Dual microparticles programmed delivery system regulating stem cell-based cartilage regeneration by cartilage-specific matrix hydrogels

Bone marrow mesenchymal stem cells (BMSCs)-based engineered cartilage usually faces the significant challenge of endochondral ossification tendency in an ectopic environment because of the inevitable vascular infiltration during chondrogenic differentiation and developmental stages. Additionally, current scaffold-free BMSC cartilage regeneration requires a long in vitro preinduction time for chondrogenic differentiation before in vivo transplantation, which limits its application in multiple cartilage defect repair. Therefore, ideal stem cell-based cartilage regeneration needs to meet time-dependent requirements of both early chondrogenic and late antiangiogenic microenvironments in vivo. Here, we developed a cartilage-specific matrix hydrogel (CMH) with a dual microparticle-based programmed delivery system (dM-PDs) to dynamically regulate in vivo stem cell-based cartilage regeneration without in vitro preinduction.
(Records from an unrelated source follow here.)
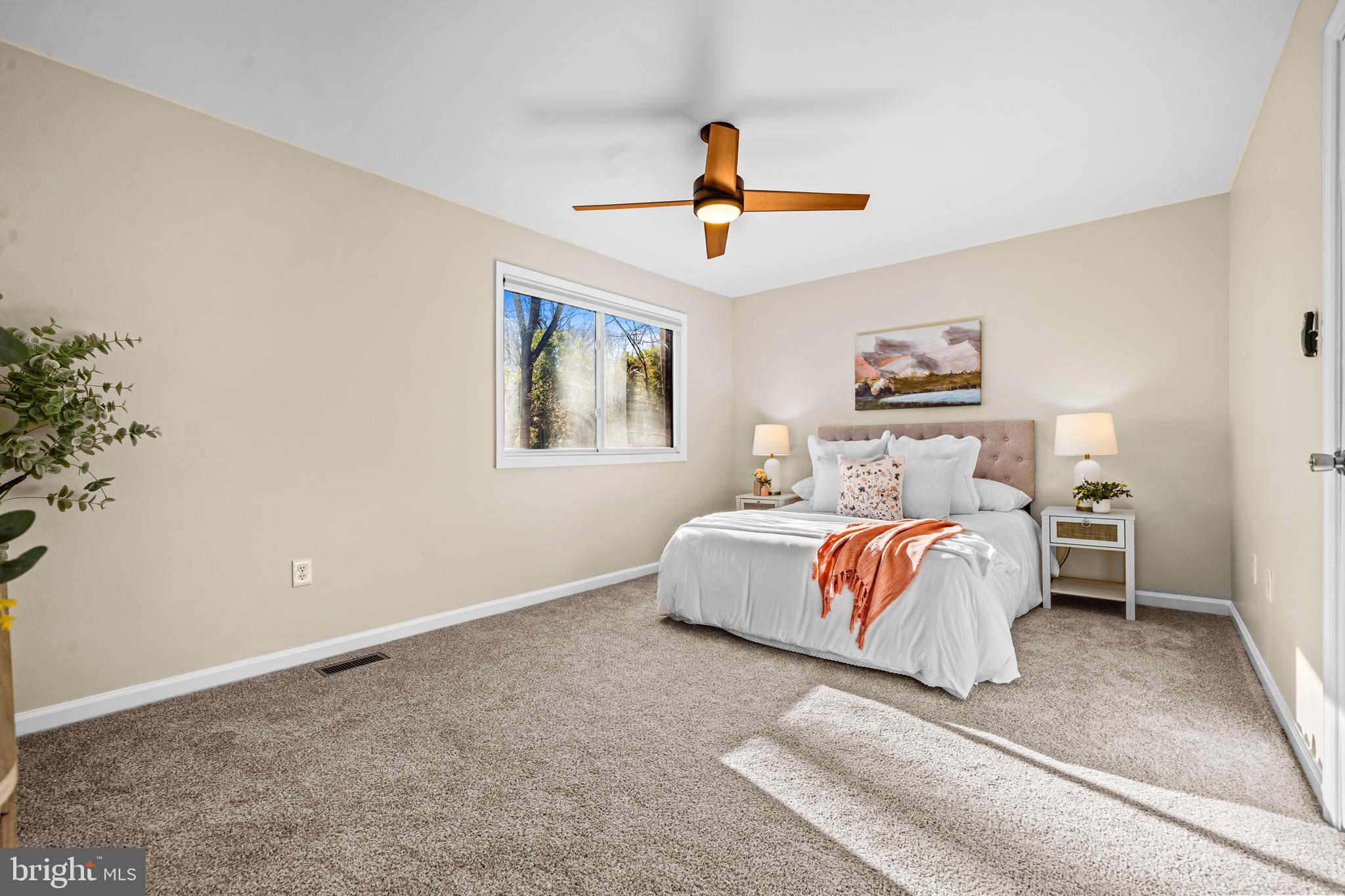 REDLAND STATION TH - Residential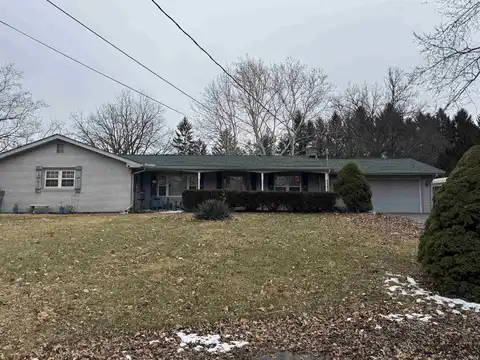 624 N LAKEVIEW Court, Greentown, IN 46936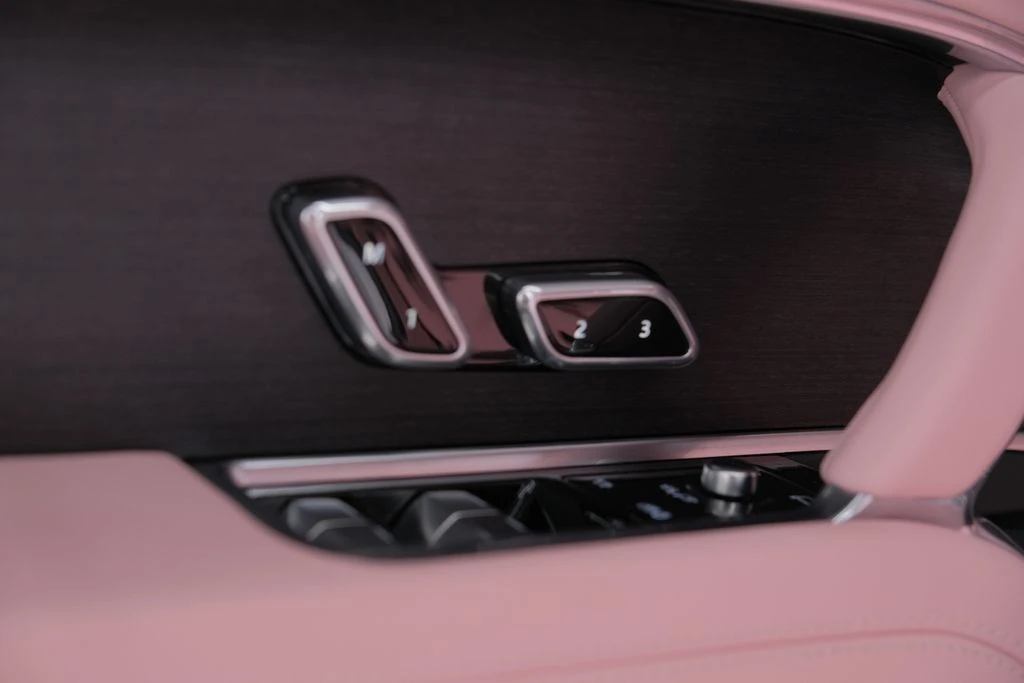 2026 Land Rover Range Rover L460 - Image 19 of 31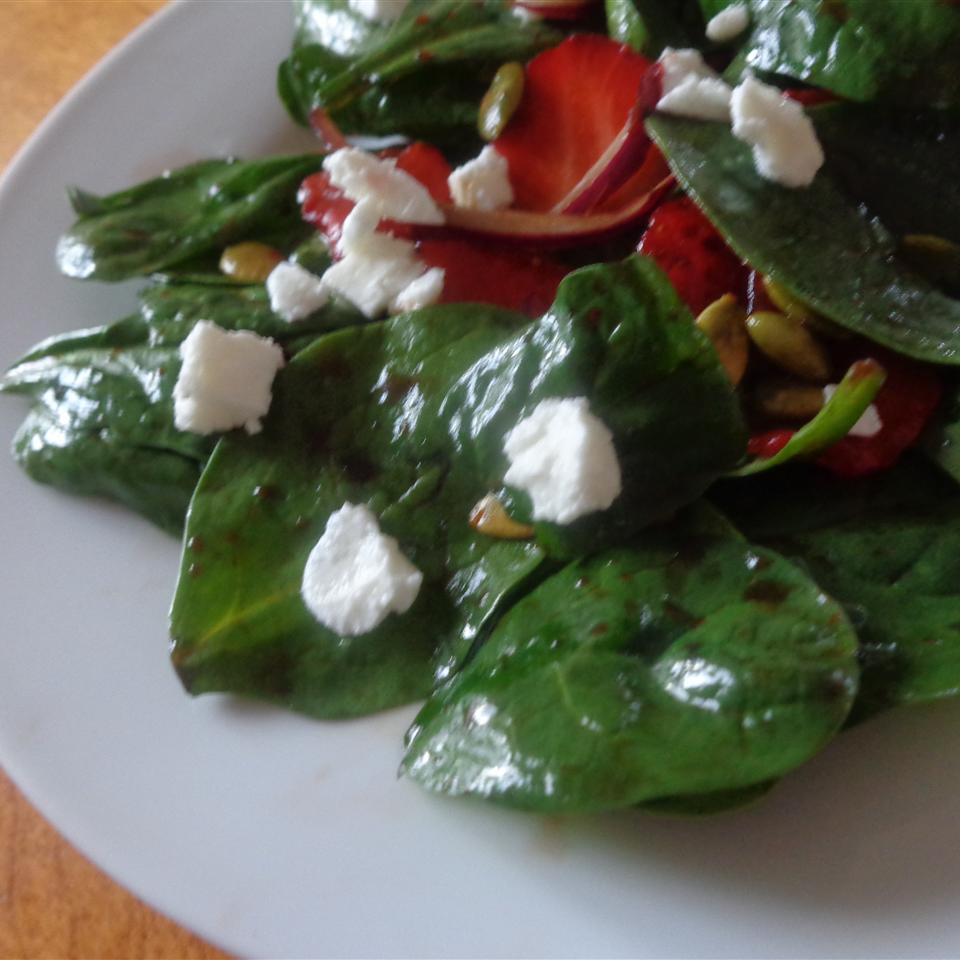 Perfect Spinachberry Salad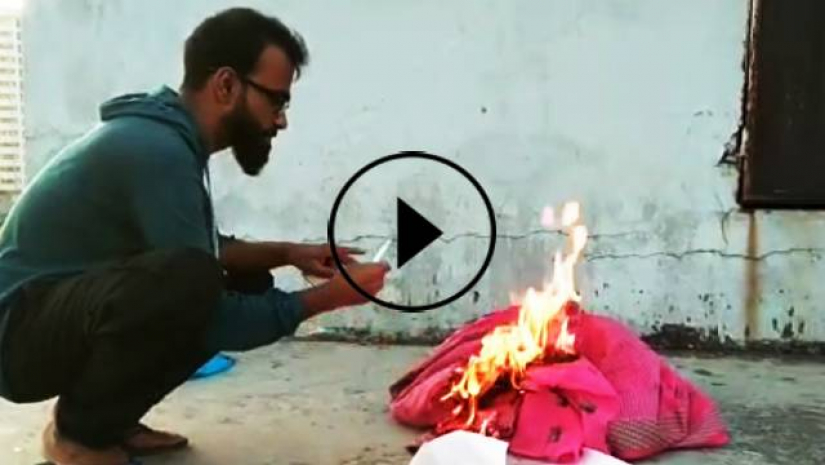প্রেমিকার ফিরিয়ে দেয়া উপহারে আগুন জ্বালিয়ে শোক, ধরালেন সিগারেটও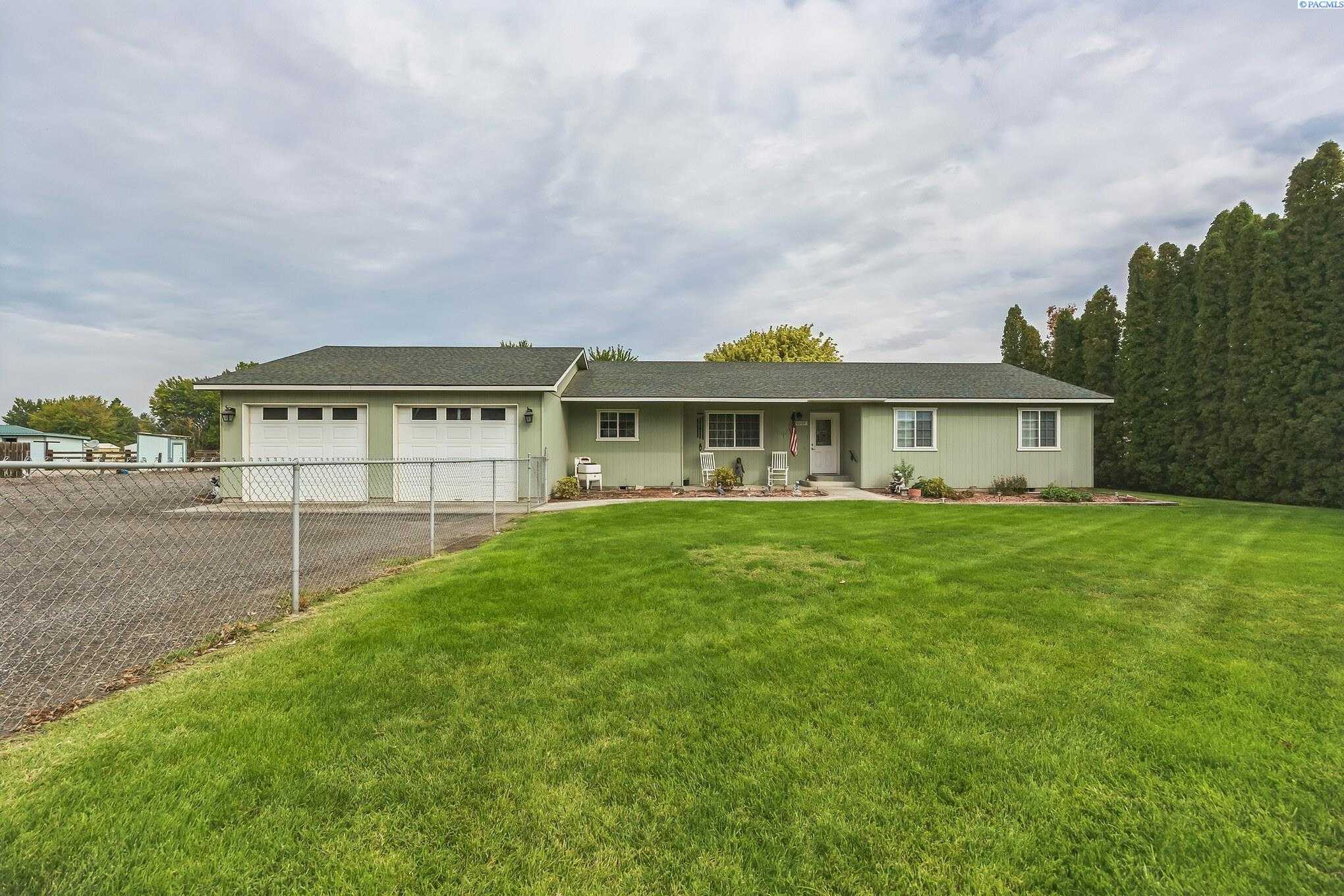 Photo of Newly Listed – 210204 E Cochran Road, Kennewick, WA 99337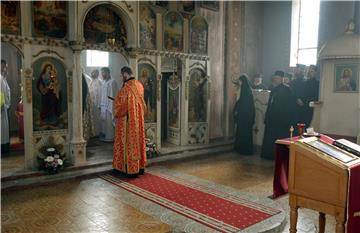 Liturgija u hramu Svetog Dimitrija u Okučanima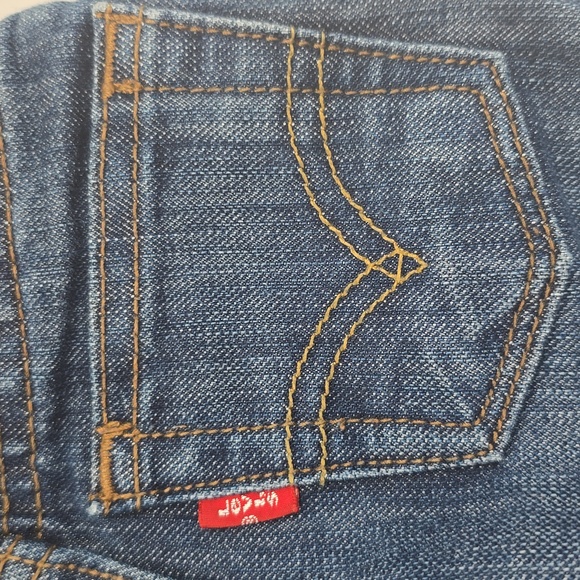 3/$15 Levis – Boys’ Denim 12 Mnth 514 Straight Jeans - Picture 4 of 8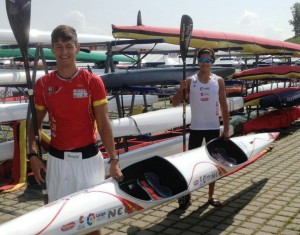 Jorge Gascón, de blanco, junto a su compañero en el K-2 Alberto Alonso. 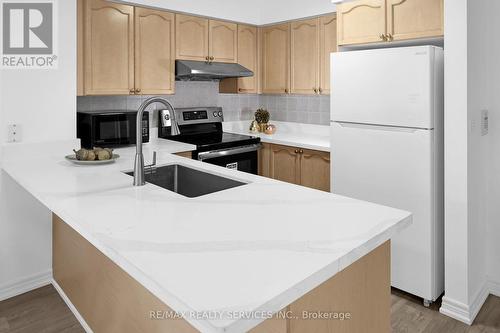 2109 - 23 Hollywood Avenue, Toronto (Willowdale East), ON - Indoor Photo Showing Kitchen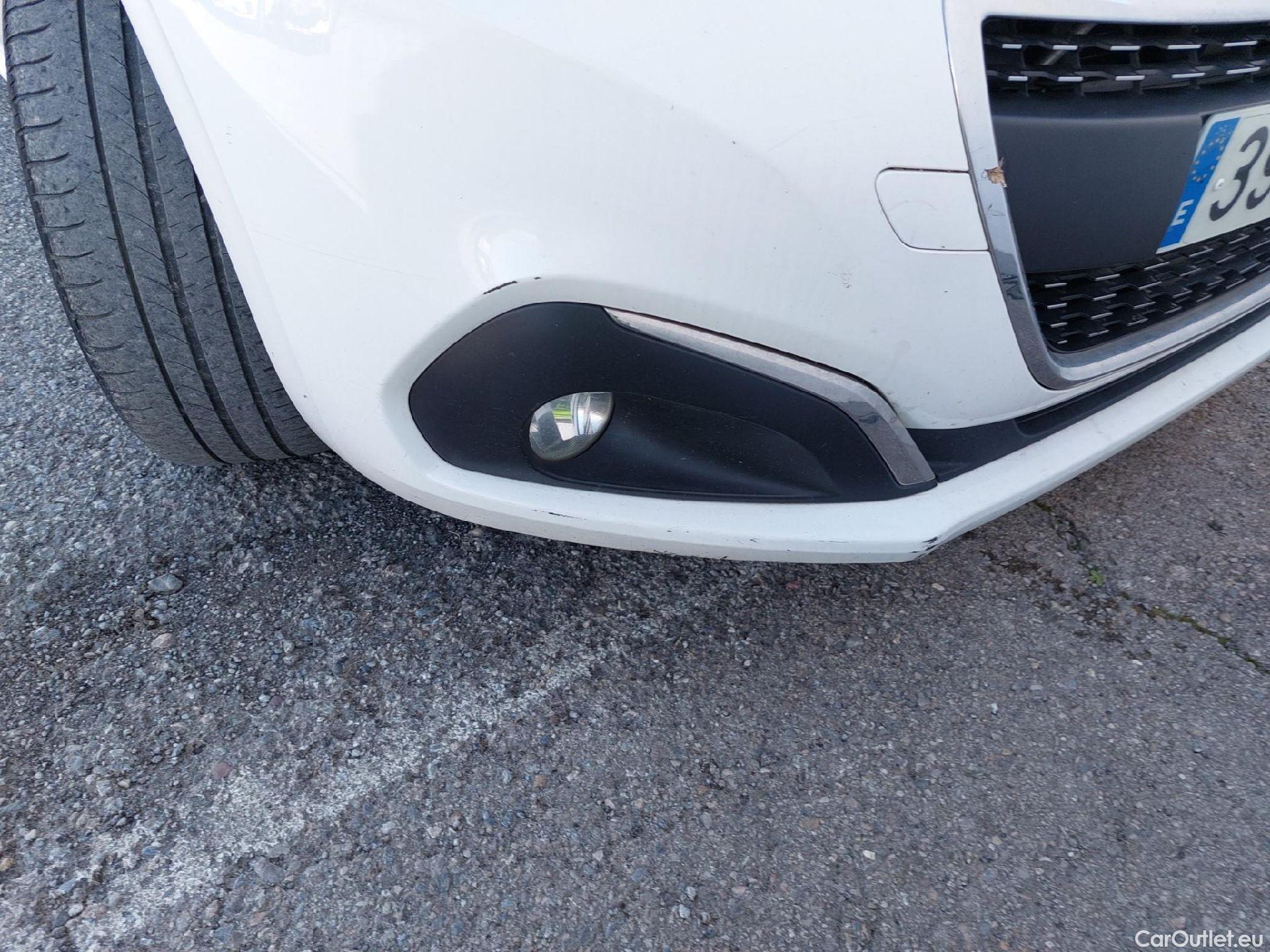  Peugeot  208 PEUGEOT  / 2015 / 5P / berlina con portón 5P Signature BlueHDi 73KW (100CV) (AC) #2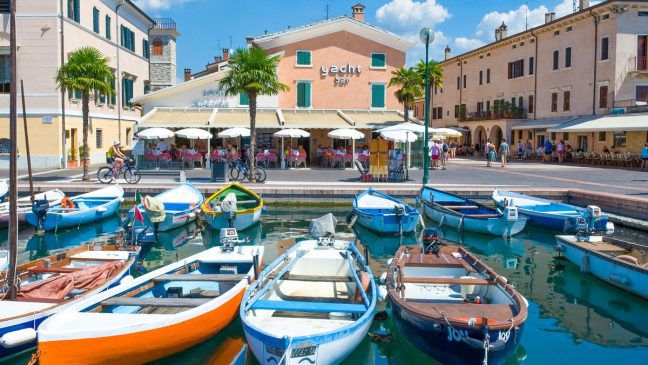 Bardolino gehört zu den beliebtesten Urlaubszielen am Gardasee (ab/spot)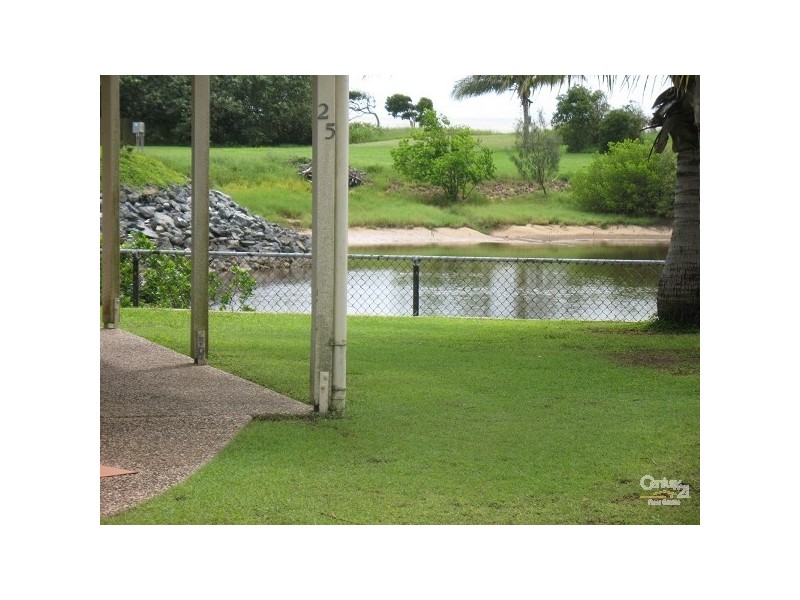 5/73 Illawong Drive, South Mackay QLD 4740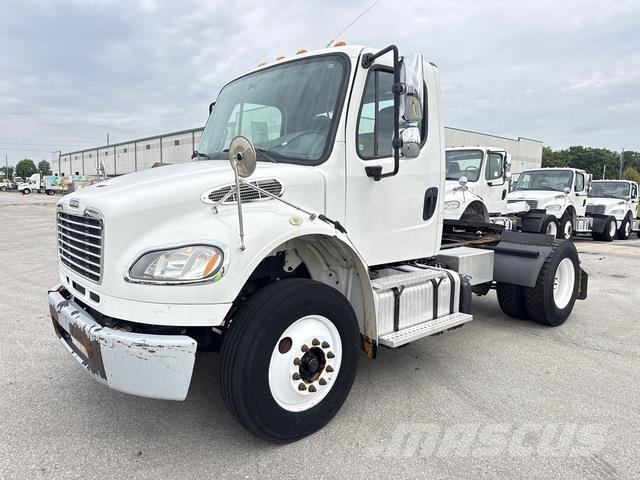 Freightliner M2 106 Vlačilci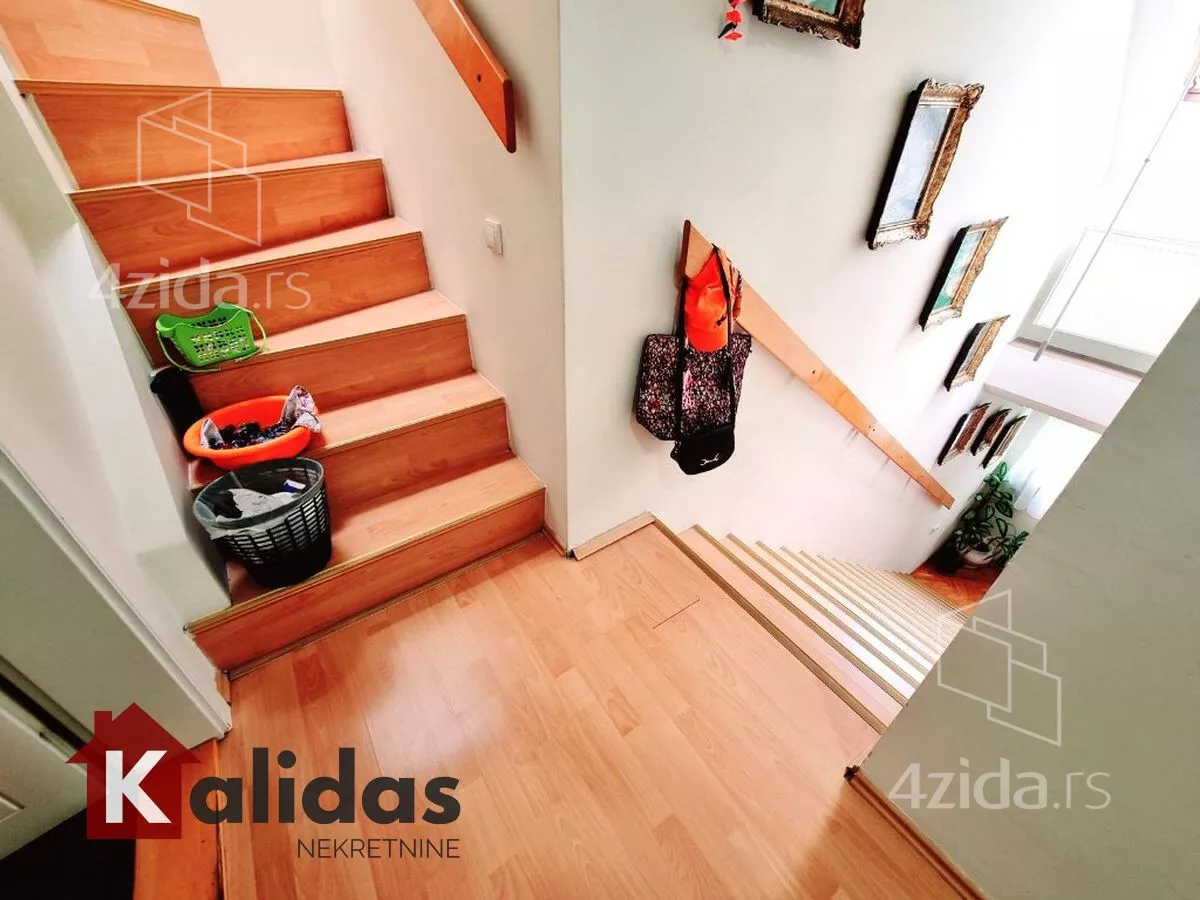 Šestosoban stan | 4zida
In this study, CMH scaffolds offer a three-dimensional matrix microenvironment for tissue regeneration, while dM-PDs has an early chondrogenic induction function to promote cartilage-specific differentiation and exerts a late anti-angiogenic effect to stabilize the cartilaginous phenotype. Stem cell-based cartilage regeneration was successfully achieved by sequentially dynamic regulation in vivo by dM-PDs, in which TGF beta 3-loaded microparticles effectively activated the early-stage TGF beta/Smad signaling pathway and levatinib-loaded microparticles regulated the late-stage VEGF/TIMP signaling pathway. This study demonstrates a universal stem cell-based cartilage regeneration technique for clinical cartilage defects repair.